Find the line with "Apartamento com 1" in the entries below, then output every line from it down to the line with "Go Toys Funland", exactly and with no pictures.

[[ Record excerpts open ]]

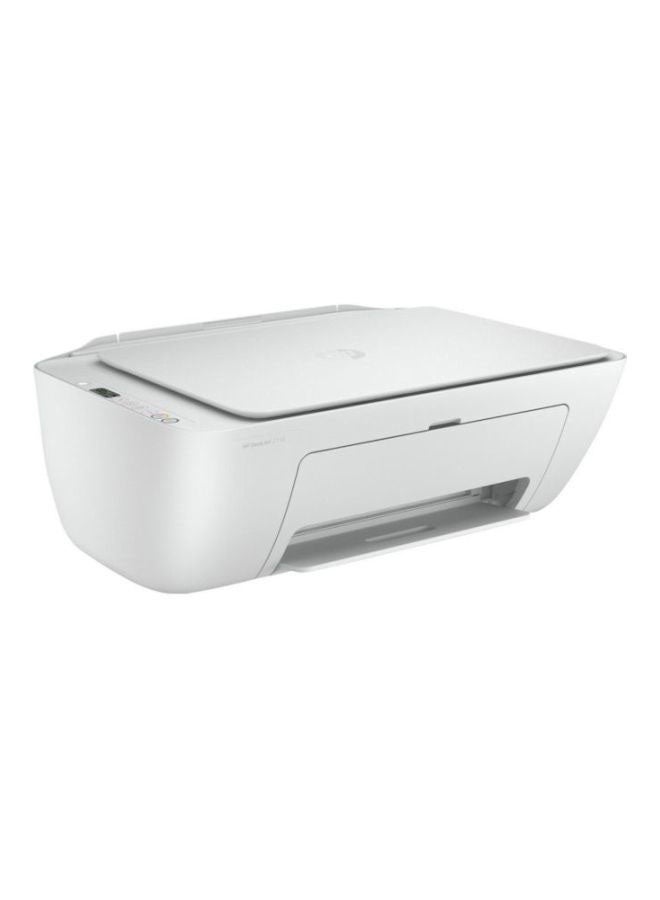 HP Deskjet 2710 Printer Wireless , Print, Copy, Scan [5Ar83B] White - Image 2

[[ Record excerpts closed ]]
[[ Record excerpts open ]]

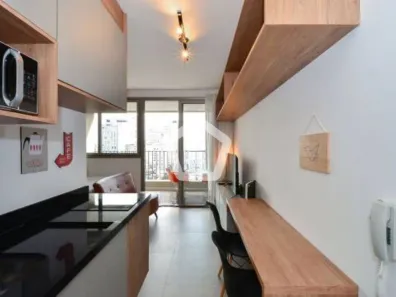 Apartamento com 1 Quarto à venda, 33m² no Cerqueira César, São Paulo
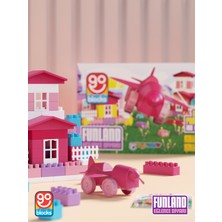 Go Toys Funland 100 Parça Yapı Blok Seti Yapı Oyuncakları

[[ Record excerpts closed ]]
[[ Record excerpts open ]]

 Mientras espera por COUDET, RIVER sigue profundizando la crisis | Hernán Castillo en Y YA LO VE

[[ Record excerpts closed ]]

• [Solution for this exercise]
 Apartamento com 1 Quarto à venda, 33m² no Cerqueira César, São Paulo
 Go Toys Funland 100 Parça Yapı Blok Seti Yapı Oyuncakları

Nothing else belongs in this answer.